Web Scraping With R

Installing requirements

For macOS, run the following:

brew install r
brew install --cask r-studio

For Windows, run the following:

choco install r.project
choco install r.studio

Installing required libraries

install.packages("rvest")
install.packages("dplyr")

Web scraping with rvest

library(rvest)
link = "https://en.wikipedia.org/wiki/List_of_ISO_3166_country_codes"
page = read_html(link)

Parsing HTML Content

page %>% html_elements(css="")
page %>% html_elements(xpath="")

For above page, use the following:

htmlElement <- page %>% html_element("table.sortable")

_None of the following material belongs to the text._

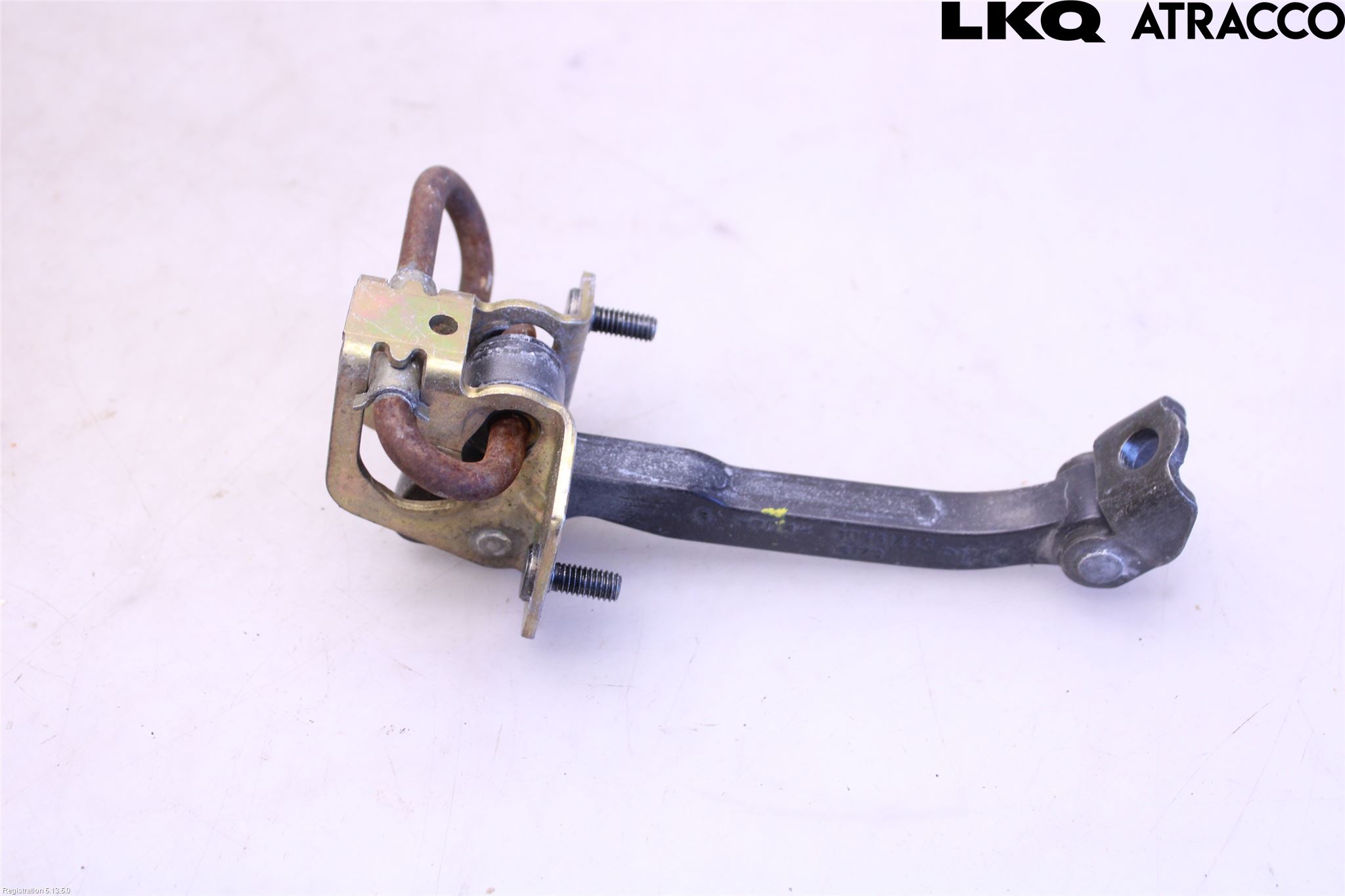 Volvo V50 04-07 Dørstopper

Saving data to a data frame

df <- html_table(htmlEl, header = FALSE)
names(df) <- df[2,]
df = df[-1:-2,]

Exporting data frame to a CSV file

write.csv(df, "iso_codes.csv")

Downloading Images

page <- read_html(url)
image_element <- page %>% html_element(".thumbborder")
image_url <- image_element %>% html_attr("src")
download.file(image_url, destfile = basename("paris.jpg"))

Scrape Dynamic Pages with Rvest

Find the API endpoint and use that as following:

page<-read_html(GET(api_url, timeout(10)))
jsontext <- page %>% html_element("p")  %>% html_text()

For a complete example, see dynamic_rvest.R.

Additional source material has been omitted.